First Java Applications¶
An example of Batch processing¶
The goals is to read a csv file and compute aggregates in Java DataStream, and then TableAPI. The code is in code/table-api/loan-batch-processing
See the coding practice summary for more datastream examples.
And the official operators documentation to understand how to transform one or more DataStreams into a new DataStream. Programs can combine multiple transformations into sophisticated data flow topologies.
TO REWORK
Unit testing¶
There are three type of function to test:
- Stateless
- Stateful
- Timed process
Stateless¶
For stateless, the data flow can be isolated in static method within the main class, or defined within a separate class. The test instantiates the class and provides the data.

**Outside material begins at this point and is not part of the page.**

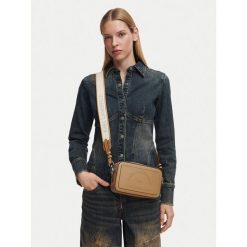 Torebka KARL LAGERFELD. Brązowe listonoszki damskie KARL LAGERFELD, bez wzorów, bez dodatków. Za 849.99 zł.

For example testing a string to a tuple mapping (MapTrip() is a MapFunction(...) extension):
public void testMapToTuple() throws Exception {
MapTrip mapFunction = new MapTrip();
Tuple5<String,String,String, Boolean, Integer> t = mapFunction.map("id_4214,PB7526,Sedan,Wanda,yes,Sector 19,Sector 10,5");
assertEquals("Wanda",t.f0);
assertEquals("Sector 19",t.f1);
assertEquals("Sector 10",t.f2);
assertTrue(t.f3);
assertEquals(5,t.f4);
}
Stateful¶
The test needs to check whether the operator state is updated correctly and if it is cleaned up properly, along with the output of the operator. Flink provides TestHarness classes so that we don’t have to create the mock objects.